Quote the lines below from the one containing "Certified 2023 Ford Explorer XLT image 1" to the final line, both ends included; exclude the pictures.

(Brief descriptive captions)
BEGIN

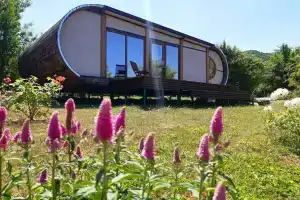 Vinodelnya Varnautka Hotel, Laspi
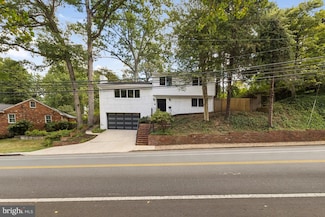 3209 Military Rd, Arlington, VA 22207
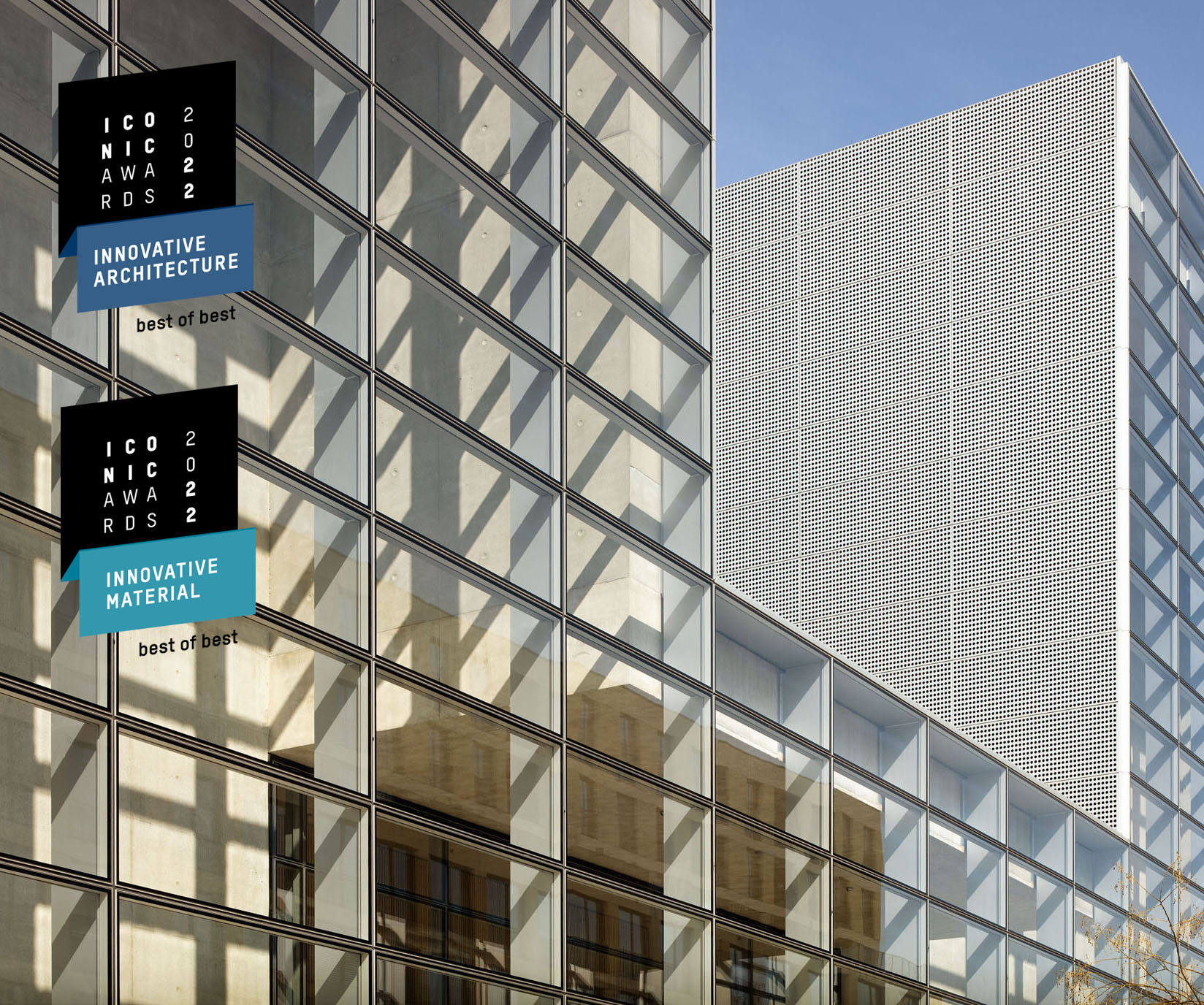 05/10/2022 - PRIX Les prix Innovative Architecture et Innovative Material sont remis à la Nouvelle Comédie dans la catégorie Best of Best des Iconic Awards 2022
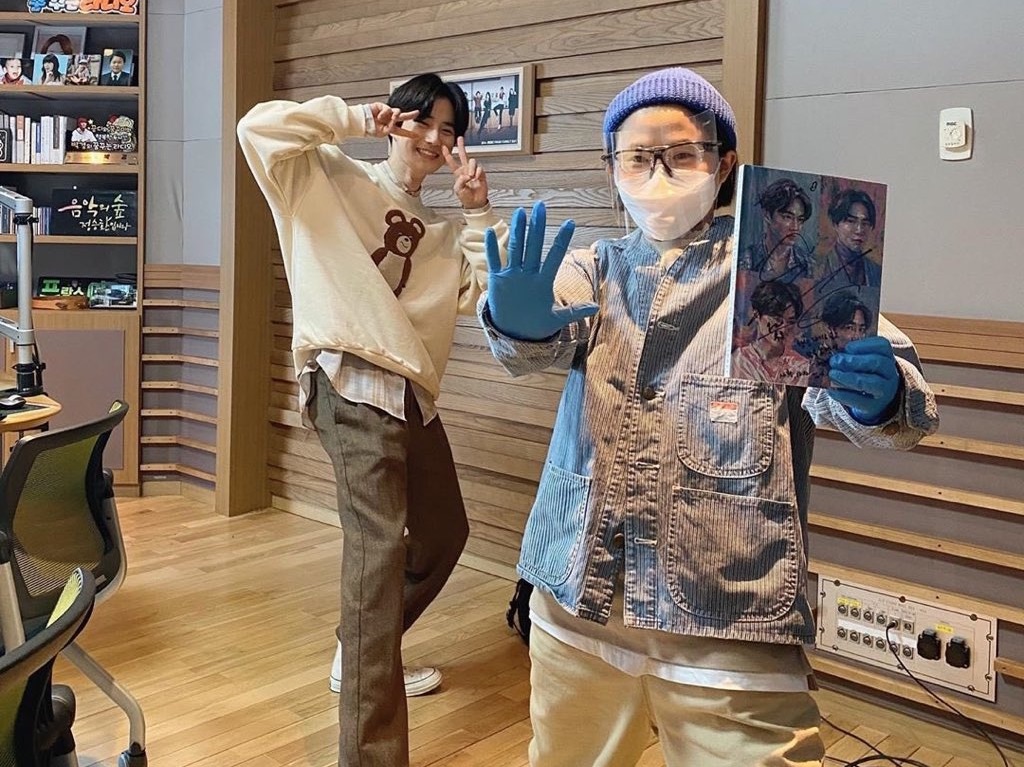 SUHO’s album ‘사랑,하자’ thumbnail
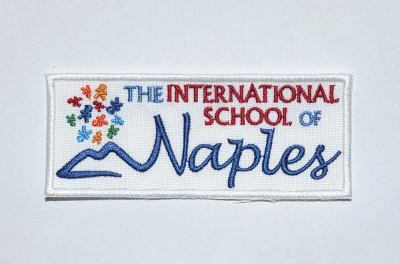Patch ricamata con logo The International School of Naples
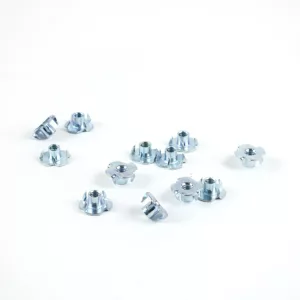 Nakrętka pazurkowa M6×9
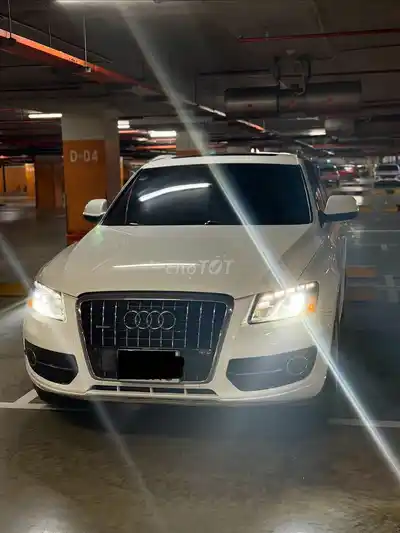 Ауди Q5 QUATTRO ПРЕМИУМП 2.0T модель 2010 года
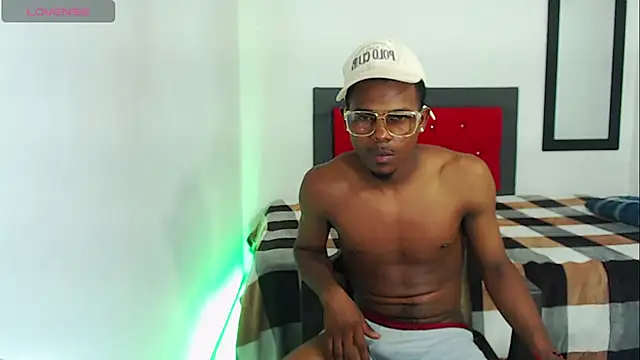 gregoryhoot XXX чат на живо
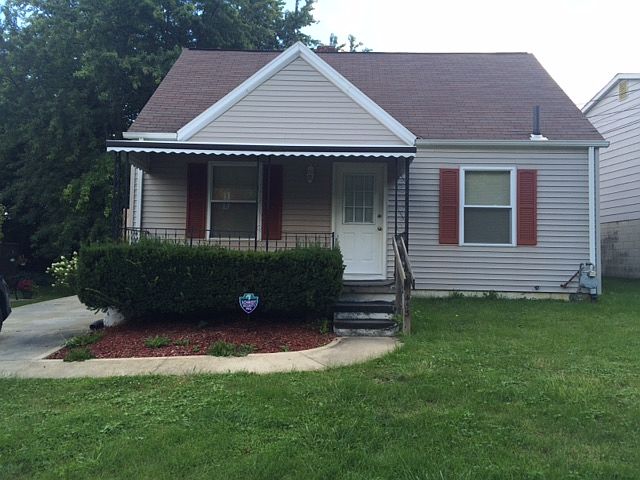 1st image of 453 Wood St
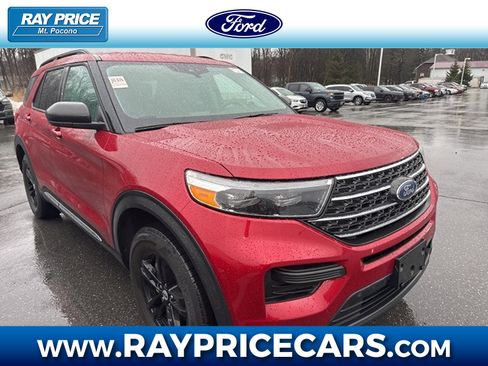 Certified 2023 Ford Explorer XLT image 1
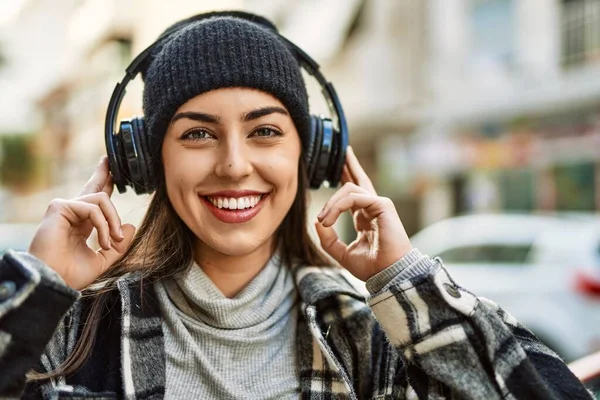 Νεαρή Ισπανίδα Χαμογελαστή Χαρούμενη Ακουστικά Στην Πόλη — Φωτογραφία Αρχείου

END

## Completed task
 Certified 2023 Ford Explorer XLT image 1
 Νεαρή Ισπανίδα Χαμογελαστή Χαρούμενη Ακουστικά Στην Πόλη — Φωτογραφία Αρχείου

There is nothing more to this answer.